It will be hard to replace the bearded guy wearing a headband with horns, who can make even the shortest of names ring out: “For the Monarchs, wearing number 3, a 5-10 junior is Will-ll-ll-ll Ehhhhhck!”
Fairbank laughs while remembering the first time he saw Eck’s name on the Monarch roster. That was one name he didn’t have to ask how to pronounce.
He will miss announcing, too
Fairbank knows the first football game next fall will be hard because … well, he loves announcing, and he loves the Monarchs.
But for now, he is enjoying reminiscing.
He talked about the Monarchs’ three state championship basketball teams he got to announce at home games and follow all the way to state, about the standout football players who have played for the Monarchs, such as TJ Gottschalk, who went on to play NCAA Division I ball at Wyoming.

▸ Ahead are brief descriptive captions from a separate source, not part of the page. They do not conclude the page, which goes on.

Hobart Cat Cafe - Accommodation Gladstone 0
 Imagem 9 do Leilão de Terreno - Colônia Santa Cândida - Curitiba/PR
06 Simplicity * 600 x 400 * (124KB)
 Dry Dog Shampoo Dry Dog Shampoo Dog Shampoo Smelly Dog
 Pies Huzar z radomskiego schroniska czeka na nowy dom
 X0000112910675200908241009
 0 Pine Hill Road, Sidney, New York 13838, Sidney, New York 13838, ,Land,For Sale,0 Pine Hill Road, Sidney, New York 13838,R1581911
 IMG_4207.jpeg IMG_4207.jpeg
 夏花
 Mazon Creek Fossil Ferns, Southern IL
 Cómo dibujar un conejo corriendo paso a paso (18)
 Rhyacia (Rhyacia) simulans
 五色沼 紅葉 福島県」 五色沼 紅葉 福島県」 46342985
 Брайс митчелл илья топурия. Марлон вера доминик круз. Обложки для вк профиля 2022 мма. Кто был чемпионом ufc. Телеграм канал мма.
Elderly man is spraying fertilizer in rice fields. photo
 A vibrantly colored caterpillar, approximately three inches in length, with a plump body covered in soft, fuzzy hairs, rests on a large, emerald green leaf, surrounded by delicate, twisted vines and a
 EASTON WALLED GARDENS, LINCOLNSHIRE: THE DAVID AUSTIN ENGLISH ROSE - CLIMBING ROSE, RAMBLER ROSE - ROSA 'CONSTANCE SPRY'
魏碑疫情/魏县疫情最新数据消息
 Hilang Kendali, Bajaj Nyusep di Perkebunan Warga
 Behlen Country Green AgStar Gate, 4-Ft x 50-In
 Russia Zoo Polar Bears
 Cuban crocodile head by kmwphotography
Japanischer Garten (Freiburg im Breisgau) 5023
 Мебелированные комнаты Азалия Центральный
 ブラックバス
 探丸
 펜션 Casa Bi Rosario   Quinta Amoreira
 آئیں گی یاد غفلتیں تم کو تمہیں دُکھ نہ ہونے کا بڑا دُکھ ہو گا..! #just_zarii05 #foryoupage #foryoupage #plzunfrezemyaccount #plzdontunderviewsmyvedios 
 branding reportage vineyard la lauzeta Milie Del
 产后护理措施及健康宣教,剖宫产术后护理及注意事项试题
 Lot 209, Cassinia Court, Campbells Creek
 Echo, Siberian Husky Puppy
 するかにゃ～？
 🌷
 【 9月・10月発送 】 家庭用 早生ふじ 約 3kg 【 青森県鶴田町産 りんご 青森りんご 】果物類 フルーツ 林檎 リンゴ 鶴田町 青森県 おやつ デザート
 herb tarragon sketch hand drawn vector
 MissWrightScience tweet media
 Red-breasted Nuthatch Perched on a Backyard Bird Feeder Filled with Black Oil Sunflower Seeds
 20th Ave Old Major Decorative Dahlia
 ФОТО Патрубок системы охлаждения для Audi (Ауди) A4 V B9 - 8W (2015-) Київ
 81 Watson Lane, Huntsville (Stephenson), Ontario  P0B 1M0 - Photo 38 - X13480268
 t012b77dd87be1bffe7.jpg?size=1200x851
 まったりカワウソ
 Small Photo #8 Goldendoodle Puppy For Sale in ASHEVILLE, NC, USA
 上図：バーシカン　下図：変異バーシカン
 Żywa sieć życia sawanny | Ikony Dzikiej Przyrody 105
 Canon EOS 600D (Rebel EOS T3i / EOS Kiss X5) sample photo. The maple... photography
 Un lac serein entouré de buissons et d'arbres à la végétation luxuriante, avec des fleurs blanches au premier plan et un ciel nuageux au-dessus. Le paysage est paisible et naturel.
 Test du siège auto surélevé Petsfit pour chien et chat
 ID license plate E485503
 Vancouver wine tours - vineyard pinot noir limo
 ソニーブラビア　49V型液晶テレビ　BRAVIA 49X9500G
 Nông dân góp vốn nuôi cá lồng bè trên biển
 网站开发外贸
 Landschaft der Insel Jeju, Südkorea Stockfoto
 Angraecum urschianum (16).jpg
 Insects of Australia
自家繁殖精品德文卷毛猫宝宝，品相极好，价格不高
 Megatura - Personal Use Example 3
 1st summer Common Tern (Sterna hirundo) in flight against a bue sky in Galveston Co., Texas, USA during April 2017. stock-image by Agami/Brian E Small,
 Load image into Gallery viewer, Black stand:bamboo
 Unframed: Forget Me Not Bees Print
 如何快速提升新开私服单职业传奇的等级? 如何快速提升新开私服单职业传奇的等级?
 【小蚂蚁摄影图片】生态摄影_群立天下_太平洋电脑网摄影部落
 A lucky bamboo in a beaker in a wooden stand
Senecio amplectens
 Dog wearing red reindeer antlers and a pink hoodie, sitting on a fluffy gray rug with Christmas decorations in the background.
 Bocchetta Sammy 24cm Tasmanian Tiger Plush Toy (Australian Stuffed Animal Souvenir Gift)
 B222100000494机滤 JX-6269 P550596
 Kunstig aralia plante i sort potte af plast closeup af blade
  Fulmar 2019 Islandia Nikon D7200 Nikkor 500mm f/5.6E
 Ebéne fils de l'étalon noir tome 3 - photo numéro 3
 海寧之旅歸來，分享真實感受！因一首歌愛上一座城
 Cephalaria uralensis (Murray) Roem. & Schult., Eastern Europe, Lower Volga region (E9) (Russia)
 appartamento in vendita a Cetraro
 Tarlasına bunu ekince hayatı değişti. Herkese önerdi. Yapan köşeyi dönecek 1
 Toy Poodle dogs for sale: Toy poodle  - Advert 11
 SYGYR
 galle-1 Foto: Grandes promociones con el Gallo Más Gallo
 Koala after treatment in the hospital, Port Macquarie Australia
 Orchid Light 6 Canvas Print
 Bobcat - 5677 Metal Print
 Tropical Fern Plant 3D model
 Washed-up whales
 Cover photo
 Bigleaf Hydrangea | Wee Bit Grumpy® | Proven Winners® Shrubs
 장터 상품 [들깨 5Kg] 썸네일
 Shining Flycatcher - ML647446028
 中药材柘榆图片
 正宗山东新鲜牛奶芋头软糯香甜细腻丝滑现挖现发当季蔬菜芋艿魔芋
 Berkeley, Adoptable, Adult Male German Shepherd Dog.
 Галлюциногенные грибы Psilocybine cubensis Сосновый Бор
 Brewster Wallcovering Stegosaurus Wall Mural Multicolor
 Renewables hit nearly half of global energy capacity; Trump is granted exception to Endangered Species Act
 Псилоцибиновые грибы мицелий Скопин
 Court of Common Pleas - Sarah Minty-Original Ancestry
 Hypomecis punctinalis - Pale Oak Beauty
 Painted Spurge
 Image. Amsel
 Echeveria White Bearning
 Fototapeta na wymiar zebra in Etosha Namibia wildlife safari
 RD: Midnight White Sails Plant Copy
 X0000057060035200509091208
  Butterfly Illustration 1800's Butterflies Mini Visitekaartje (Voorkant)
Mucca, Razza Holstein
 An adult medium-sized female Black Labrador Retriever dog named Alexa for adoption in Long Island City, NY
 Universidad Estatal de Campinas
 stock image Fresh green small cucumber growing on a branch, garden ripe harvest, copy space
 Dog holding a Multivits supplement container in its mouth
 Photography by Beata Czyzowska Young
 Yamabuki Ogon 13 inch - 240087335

“Now, TJ has daughters playing basketball here,” Fairbank said. “Seeing that is pretty cool.”
Fairbank enjoyed getting the crowd excited when a player made a 3-point basket. He particularly liked announcing players who had reached the 1,000-point milestone in basketball. He sometimes even gave a player a moniker, such as “Downtown Tom Diehl,” a prolific 3-point shooter for the Monarch basketball team in the late 1990s.
He often added adjectives to describe plays or to enhance a call, such as “picking the pig” for an interception or “a whole congregation of Monarchs” for a group tackle.
Most of all, he thought it was important to recognize as many players as possible so their families could hear their names.
There is still a possibility for this year’s boys’ and girls’ teams to host a first-round game of sub-state next week, but they will be on different nights. And it’s not quite the same as calling a doubleheader.
“I’ll definitely miss all this, but they’re not going to get rid of me that easily,” he said. “I’ll still come to games and watch as a fan.”
But will you miss calling the games?
“Oh, yes! It will be hard sitting in the stands,” he said with a laugh. “I’ll have to sit somewhere besides behind the scorer’s table.”